Su madre echó la cabeza hacia atrás y se rio.


—La vida es demasiado corta para vivirla sola.


—Bueno, parece que Damian y yo estaremos solos durante un poco más de tiempo.


Más que un poco. Paula no se veía metida en la vorágine de las citas a corto plazo. A su madre podía gustarle la excitación del principio, pero la caída que venía después no era algo que Paula quisiera experimentar de nuevo.


—Te lo dije, era tan fácil enamorarse de un hombre rico como de un hombre pobre.


Como si Paula pudiera olvidar esas palabras.


—Para lo que me sirve.


—Me parece que te has enamorado de los dos.


Paula no estaba de acuerdo con eso.


—Me enamoré de Pedro. Un camarero cowboy que conduce una vieja camioneta destartalada.


Renee se levantó.


—Saldrás de esto, Paula. Nunca me preocupó que no fueras a caer con los pies en la tierra. Incluso después de que te quedaras embarazada, sabía que estarías bien.


A Paula se le hizo un nudo en la garganta.


—Gracias mamá.


Renee asintió y se metió en la casa, dejando a Paula sola con sus pensamientos.


Entonces llegaron las lágrimas.



***


Era la víspera de Navidad, y Pedro no tenía ni idea de dónde estaba Paula. Por más que lo intentara, no recordaba ninguno de los apellidos que Paula había mencionado como pertenecientes a su madre. Dar vueltas por Fontana en busca de una casa con el auto nuevo estacionado en la puerta no dio resultado.


Las horas de sueño que había tenido se podían contar con los dedos de una mano, las comidas ni siquiera llegaban a eso.


El anillo que había encargado a la joyería había llegado y Pedro se sentó en la cama de su habitación a mirarlo. 


Estaba hecho para el dedo de Paula. Solo tenía que ponérselo.


Se oían las voces de su hermana y su padre desde el salón. 


Habían unido fuerzas para hacerle la vida imposible a Pedro por haber engañado a Paula de esa forma. Era agradable ver que Pedro podía lograr que su padre dominante y su hermana entrometida estuvieran en la misma sintonía.


Uno pensaría que alguno de los dos tendría una manera infalible de encontrar a Paula. Cuando era niña, su hermana siempre se había entrometido sin que nadie la llamara, así que, ¿qué la detenía ahora?

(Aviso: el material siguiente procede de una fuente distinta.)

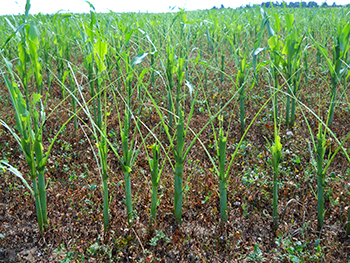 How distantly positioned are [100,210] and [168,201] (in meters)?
0.56

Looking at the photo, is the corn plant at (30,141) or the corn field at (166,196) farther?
the corn field at (166,196)

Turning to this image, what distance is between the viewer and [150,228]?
220 cm

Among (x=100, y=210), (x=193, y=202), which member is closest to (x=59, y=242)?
(x=100, y=210)

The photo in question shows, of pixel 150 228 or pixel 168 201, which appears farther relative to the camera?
pixel 168 201

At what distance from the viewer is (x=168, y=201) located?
2.54 m

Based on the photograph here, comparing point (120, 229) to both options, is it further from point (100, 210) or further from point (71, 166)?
point (71, 166)

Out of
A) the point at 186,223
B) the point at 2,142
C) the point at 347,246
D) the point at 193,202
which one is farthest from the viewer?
the point at 2,142

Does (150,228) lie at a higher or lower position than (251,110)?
lower

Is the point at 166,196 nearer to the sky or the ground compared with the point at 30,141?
Result: nearer to the ground

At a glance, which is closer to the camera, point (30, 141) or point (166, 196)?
point (30, 141)

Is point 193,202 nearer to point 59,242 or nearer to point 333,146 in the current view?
point 59,242

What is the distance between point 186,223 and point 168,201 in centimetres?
28

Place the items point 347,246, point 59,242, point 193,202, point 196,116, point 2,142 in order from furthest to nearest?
point 196,116, point 2,142, point 193,202, point 59,242, point 347,246

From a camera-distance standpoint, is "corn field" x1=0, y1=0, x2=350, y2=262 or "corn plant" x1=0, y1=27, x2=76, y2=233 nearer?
"corn plant" x1=0, y1=27, x2=76, y2=233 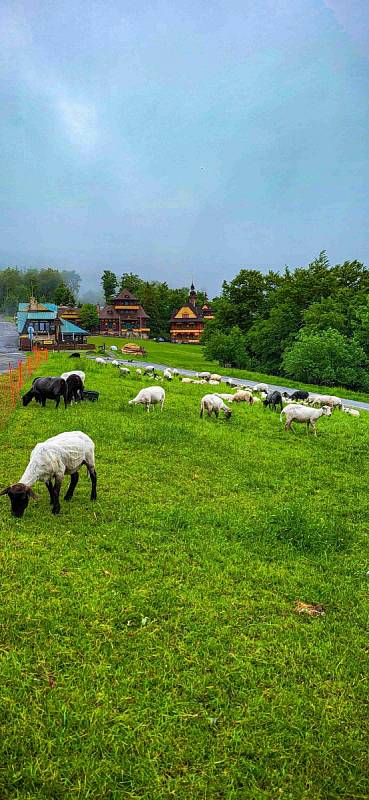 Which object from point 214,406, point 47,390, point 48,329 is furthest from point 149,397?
point 48,329

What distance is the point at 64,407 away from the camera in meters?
17.8

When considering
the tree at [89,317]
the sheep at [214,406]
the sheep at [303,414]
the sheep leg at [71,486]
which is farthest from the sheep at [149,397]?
the tree at [89,317]

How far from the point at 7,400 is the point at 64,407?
303 centimetres

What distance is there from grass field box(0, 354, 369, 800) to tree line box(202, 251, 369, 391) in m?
36.8

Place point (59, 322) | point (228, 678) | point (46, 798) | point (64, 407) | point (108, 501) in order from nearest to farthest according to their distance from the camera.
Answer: point (46, 798) → point (228, 678) → point (108, 501) → point (64, 407) → point (59, 322)

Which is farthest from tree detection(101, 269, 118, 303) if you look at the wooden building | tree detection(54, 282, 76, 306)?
the wooden building

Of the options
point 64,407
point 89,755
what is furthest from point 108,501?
point 64,407

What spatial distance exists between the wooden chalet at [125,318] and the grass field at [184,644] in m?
91.2

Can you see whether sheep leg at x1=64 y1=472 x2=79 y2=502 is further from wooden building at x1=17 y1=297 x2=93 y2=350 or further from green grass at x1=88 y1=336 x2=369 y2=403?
wooden building at x1=17 y1=297 x2=93 y2=350

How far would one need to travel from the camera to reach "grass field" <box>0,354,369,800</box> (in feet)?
11.8

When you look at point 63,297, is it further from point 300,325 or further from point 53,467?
point 53,467

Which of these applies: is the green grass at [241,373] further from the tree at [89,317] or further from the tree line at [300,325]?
the tree at [89,317]

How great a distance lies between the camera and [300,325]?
55.3 m

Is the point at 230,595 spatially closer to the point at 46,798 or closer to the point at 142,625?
the point at 142,625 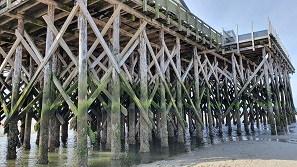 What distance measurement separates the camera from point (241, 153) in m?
7.71

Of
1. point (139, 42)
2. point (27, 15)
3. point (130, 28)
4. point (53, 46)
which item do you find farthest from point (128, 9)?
point (27, 15)

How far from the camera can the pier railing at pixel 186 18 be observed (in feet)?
31.4

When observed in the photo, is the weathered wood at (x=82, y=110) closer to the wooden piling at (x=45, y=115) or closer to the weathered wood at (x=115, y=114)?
the weathered wood at (x=115, y=114)

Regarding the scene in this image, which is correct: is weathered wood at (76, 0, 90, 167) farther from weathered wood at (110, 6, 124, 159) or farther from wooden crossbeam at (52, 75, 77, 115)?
weathered wood at (110, 6, 124, 159)

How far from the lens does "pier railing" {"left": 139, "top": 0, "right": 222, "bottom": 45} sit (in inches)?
377

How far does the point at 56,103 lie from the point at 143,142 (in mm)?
3223

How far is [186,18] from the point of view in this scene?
1134 centimetres

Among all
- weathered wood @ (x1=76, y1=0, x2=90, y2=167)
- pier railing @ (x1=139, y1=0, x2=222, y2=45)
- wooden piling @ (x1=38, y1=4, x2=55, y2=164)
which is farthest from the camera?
pier railing @ (x1=139, y1=0, x2=222, y2=45)

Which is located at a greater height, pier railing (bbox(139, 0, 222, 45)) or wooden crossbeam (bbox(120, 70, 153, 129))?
pier railing (bbox(139, 0, 222, 45))

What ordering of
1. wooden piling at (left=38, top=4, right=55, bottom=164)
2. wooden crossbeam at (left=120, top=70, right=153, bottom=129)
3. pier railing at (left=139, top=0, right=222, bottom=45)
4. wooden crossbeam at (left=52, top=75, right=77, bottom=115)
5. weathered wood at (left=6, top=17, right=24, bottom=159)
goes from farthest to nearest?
1. pier railing at (left=139, top=0, right=222, bottom=45)
2. weathered wood at (left=6, top=17, right=24, bottom=159)
3. wooden crossbeam at (left=120, top=70, right=153, bottom=129)
4. wooden piling at (left=38, top=4, right=55, bottom=164)
5. wooden crossbeam at (left=52, top=75, right=77, bottom=115)

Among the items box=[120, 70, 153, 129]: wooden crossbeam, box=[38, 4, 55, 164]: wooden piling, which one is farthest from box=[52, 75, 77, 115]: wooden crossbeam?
box=[120, 70, 153, 129]: wooden crossbeam

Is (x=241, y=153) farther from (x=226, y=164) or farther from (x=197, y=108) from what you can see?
(x=197, y=108)

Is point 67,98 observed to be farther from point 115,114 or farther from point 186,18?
point 186,18

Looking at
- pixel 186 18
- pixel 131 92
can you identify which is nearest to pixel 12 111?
pixel 131 92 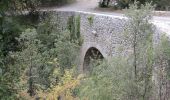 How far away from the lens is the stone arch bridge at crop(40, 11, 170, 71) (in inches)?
667

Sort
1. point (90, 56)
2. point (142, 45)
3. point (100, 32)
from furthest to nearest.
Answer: point (90, 56)
point (100, 32)
point (142, 45)

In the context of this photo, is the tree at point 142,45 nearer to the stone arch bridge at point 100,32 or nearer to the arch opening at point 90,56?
the stone arch bridge at point 100,32

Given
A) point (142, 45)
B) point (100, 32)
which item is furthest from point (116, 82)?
point (100, 32)

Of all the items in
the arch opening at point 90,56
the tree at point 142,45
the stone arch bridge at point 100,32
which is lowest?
the arch opening at point 90,56

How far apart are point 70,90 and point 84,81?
0.83 metres

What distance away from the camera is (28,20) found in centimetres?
2483

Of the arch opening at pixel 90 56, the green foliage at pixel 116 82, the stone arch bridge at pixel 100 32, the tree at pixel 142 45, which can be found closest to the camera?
the tree at pixel 142 45

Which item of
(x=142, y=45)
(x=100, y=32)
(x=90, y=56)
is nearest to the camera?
(x=142, y=45)

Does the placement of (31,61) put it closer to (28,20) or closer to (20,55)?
(20,55)

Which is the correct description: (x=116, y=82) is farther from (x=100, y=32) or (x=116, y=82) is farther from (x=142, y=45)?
(x=100, y=32)

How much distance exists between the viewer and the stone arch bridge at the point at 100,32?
16.9m

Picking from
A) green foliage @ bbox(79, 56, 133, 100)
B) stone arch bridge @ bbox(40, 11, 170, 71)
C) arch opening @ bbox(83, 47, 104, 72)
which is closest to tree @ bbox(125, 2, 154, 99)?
green foliage @ bbox(79, 56, 133, 100)

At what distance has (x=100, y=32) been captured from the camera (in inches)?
757

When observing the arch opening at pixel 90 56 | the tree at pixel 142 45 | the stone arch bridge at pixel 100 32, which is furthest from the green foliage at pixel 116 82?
the arch opening at pixel 90 56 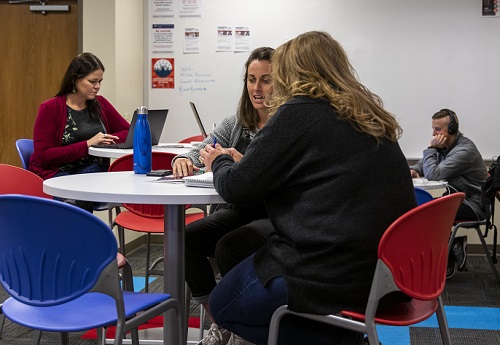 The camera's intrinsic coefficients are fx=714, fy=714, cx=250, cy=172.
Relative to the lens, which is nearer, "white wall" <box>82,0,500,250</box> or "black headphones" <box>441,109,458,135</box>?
"black headphones" <box>441,109,458,135</box>

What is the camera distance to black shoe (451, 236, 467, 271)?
16.1 ft

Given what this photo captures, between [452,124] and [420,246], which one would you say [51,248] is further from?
[452,124]

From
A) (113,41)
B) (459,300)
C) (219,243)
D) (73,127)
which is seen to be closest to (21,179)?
(219,243)

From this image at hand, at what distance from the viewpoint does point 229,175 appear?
1.91 meters

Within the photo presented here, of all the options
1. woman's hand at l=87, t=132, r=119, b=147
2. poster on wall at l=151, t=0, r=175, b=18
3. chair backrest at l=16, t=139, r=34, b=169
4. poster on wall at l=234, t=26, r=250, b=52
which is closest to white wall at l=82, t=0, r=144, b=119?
poster on wall at l=151, t=0, r=175, b=18

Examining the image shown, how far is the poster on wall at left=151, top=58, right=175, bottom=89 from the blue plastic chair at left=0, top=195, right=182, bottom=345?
411 centimetres

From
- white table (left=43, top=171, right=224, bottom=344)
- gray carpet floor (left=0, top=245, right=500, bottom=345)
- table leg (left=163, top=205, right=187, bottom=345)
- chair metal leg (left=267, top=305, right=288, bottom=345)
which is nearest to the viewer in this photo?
chair metal leg (left=267, top=305, right=288, bottom=345)

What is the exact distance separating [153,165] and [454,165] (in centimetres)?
253

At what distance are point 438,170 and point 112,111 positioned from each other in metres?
2.23

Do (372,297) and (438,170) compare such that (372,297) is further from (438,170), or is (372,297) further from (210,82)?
(210,82)

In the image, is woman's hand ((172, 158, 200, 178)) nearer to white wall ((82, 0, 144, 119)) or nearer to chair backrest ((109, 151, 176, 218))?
chair backrest ((109, 151, 176, 218))

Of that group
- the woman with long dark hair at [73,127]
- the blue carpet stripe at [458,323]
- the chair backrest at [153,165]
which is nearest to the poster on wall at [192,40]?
the woman with long dark hair at [73,127]

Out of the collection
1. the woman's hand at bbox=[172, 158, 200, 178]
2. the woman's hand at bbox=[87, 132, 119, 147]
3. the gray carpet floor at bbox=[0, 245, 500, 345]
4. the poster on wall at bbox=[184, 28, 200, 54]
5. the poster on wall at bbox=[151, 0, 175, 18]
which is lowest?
the gray carpet floor at bbox=[0, 245, 500, 345]

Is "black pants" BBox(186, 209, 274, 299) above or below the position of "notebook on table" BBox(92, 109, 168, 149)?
below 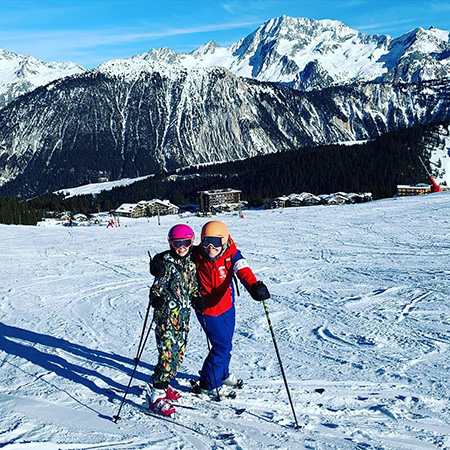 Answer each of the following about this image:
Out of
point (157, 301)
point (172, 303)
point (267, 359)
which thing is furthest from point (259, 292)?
point (267, 359)

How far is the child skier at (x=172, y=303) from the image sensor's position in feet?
18.1

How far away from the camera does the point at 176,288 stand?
18.2 ft

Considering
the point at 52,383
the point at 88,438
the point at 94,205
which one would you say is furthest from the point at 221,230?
the point at 94,205

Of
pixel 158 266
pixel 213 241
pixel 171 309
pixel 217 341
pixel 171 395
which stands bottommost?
pixel 171 395

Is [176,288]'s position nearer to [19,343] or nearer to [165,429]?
[165,429]

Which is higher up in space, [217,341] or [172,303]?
[172,303]

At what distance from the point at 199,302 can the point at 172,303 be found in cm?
34

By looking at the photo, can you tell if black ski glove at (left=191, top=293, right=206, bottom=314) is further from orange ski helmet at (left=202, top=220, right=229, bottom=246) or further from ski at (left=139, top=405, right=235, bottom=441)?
ski at (left=139, top=405, right=235, bottom=441)

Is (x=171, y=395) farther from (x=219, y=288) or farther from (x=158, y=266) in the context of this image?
(x=158, y=266)

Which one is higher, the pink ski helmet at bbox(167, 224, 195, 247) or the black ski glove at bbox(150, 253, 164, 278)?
the pink ski helmet at bbox(167, 224, 195, 247)

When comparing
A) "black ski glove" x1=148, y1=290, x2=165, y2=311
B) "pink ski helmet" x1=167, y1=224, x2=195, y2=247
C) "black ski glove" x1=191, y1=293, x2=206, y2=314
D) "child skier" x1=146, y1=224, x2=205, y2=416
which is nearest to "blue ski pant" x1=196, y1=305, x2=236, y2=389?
"black ski glove" x1=191, y1=293, x2=206, y2=314

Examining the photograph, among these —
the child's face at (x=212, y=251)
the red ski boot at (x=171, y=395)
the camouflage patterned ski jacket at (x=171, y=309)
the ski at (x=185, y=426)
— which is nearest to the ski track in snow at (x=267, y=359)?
the ski at (x=185, y=426)

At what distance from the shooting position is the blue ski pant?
5762 mm

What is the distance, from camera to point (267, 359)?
24.0ft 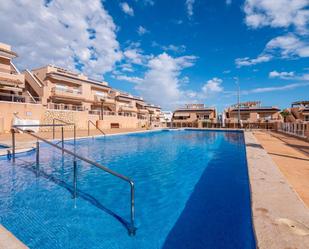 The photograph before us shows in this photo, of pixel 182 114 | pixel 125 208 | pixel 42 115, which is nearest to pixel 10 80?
pixel 42 115

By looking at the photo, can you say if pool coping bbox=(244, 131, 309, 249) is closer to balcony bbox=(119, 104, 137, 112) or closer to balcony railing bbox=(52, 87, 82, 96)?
balcony railing bbox=(52, 87, 82, 96)

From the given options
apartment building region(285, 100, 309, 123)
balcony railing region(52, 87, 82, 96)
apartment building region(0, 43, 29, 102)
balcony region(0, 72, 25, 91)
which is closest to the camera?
balcony region(0, 72, 25, 91)

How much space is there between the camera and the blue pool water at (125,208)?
10.9 feet

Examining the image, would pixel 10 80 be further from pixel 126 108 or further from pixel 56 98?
pixel 126 108

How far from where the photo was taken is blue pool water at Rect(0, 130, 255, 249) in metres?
3.34

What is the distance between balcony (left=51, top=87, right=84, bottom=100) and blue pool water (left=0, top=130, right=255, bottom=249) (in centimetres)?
2025

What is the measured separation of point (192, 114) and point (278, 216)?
4605cm

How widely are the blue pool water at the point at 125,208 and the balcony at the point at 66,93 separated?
20245 millimetres

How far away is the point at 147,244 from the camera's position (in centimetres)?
326

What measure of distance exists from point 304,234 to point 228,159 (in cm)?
797

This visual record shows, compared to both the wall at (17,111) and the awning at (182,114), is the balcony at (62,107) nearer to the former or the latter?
the wall at (17,111)

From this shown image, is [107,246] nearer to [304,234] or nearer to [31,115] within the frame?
[304,234]

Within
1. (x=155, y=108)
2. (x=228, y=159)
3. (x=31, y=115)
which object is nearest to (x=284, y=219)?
(x=228, y=159)

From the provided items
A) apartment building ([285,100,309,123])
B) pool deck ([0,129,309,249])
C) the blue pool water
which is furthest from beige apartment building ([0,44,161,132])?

«Hermanas». Pedro pensó en Mónica.


Horacio estaba criticando lo ajustado de los vaqueros de Catalina cuando Pedro entró en la habitación.


—Me los pongo solo para molestarte, papá.


—No creas que no lo sé —la reprendió Horacio.


—Ahí estás —dijo Catalina mientras Pedro pasaba delante de ellos camino a su equipo informático.


—¿Vas a comer?


—Ahora no, Cata.


—¿Has descubierto alguna manera de encontrarla? —le preguntó su padre.


—La hermana de Paula, Mónica. Solo tengo que encontrar su número de teléfono.


Pedro se sentó en su escritorio y se volvió hacia el aparato. 


Catalina gritó una serie de números, pero Pedro no le hizo caso. Luego alzó la cabeza y se volvió lentamente en su asiento.


—¿Ese es el número de Mónica? —le preguntó a su hermana.


Su hermana le guiñó un ojo con picardía.


—Dudo que te diga donde está Paula. Yo no tuve suerte.


—¿Hablaste con Mónica?


Al menos Catalina tuvo el buen tino de borrar la sonrisa burlona de su cara.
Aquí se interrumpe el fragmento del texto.